## GIVEN DATA
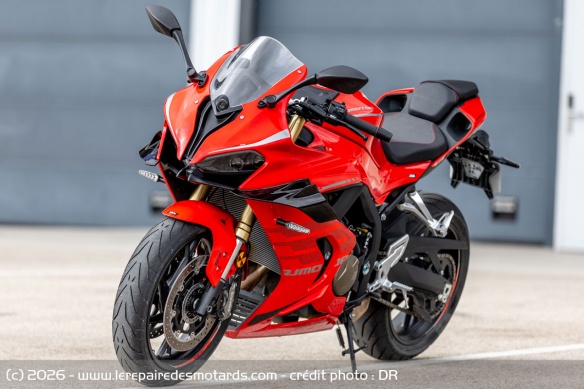 La sportive QJMotor SRK800RR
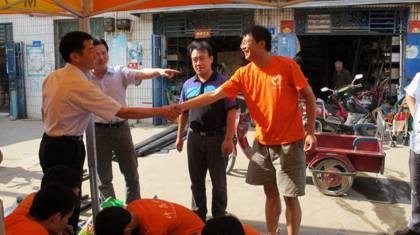 У��ί����������һ�п�������ѧԺ���ʵ����Ա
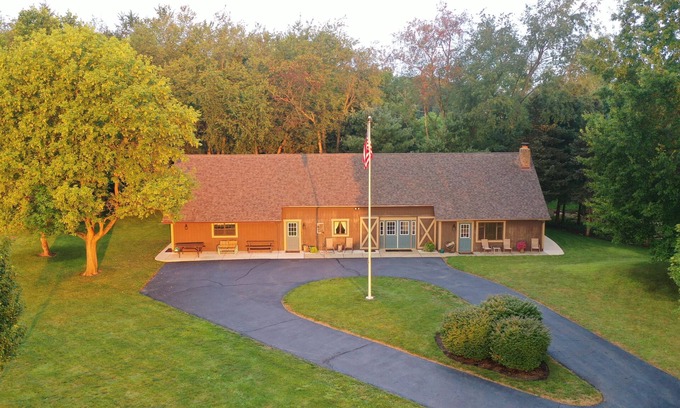 North Industry Kabine | Die Hütte bei Brookside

## DIRECTIONS
Using the material above, set down every line exactly, but skip the pictures.

## RESULT OF THIS EXERCISE
 La sportive QJMotor SRK800RR
 У��ί����������һ�п�������ѧԺ���ʵ����Ա
 North Industry Kabine | Die Hütte bei Brookside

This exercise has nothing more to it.